A chevauchée (French pronunciation: [ʃəvoʃe], "promenade" or "horse charge", depending on context) was a raiding method of medieval warfare for weakening the enemy, primarily by burning and pillaging enemy territory in order to reduce the productivity of a region, in addition to siege warfare most often as part of wars of conquest but occasionally as a punitive raid. The use of the chevauchée declined at the end of the 14th century as the focus of warfare turned to sieges. It is conceptually similar to the scorched earth strategies used in modern warfare.

In Spain, this type of raid was usually called a cabalgada (older spelling: cavalgada).

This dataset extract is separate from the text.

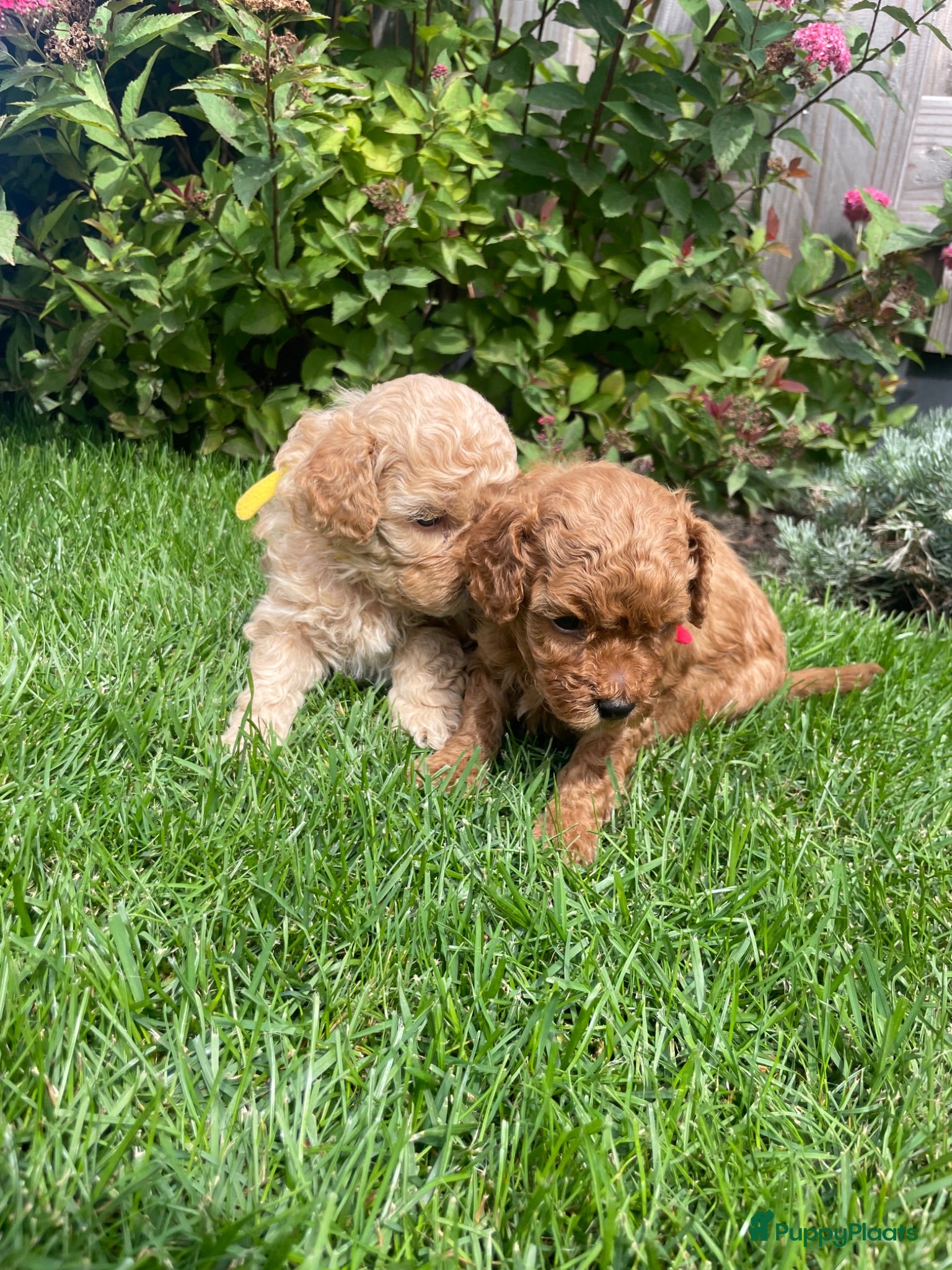 Maltipoo honden 2 Prachtige reutjes - Advertentie 4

The Ghazi razzia is also considered similar in purpose.

The chevauchée could be used as a way of forcing an enemy to fight, or as a means of discrediting the enemy's government and detaching his subjects from their loyalty. This usually caused a massive flight of refugees to fortified towns and castles, which would be untouched by the chevauchée.

The chevauchée has gained recognition for its use during the Hundred Years' War between the Kingdom of England and the Kingdom of France. It was not a new tactic and had been used many times before; for example, William the Conqueror had used the tactic before the Battle of Hastings to encourage Harold to engage in a battle. The difference was that during the Hundred Years' War the tactic was used more frequently, on a larger scale and more systematically than before.

The English used the chevauchée in lieu of a larger standing army, and it was carried out primarily by small groups of mounted soldiers, rarely more than a few thousand men. This was the characteristic English strategy in the 1340s and 1350s after first being used by the forces of Edward III of England in the Second War of Scottish Independence.[dubiousdiscuss] In part because of these tactics, the French were forced into the battle of Crécy.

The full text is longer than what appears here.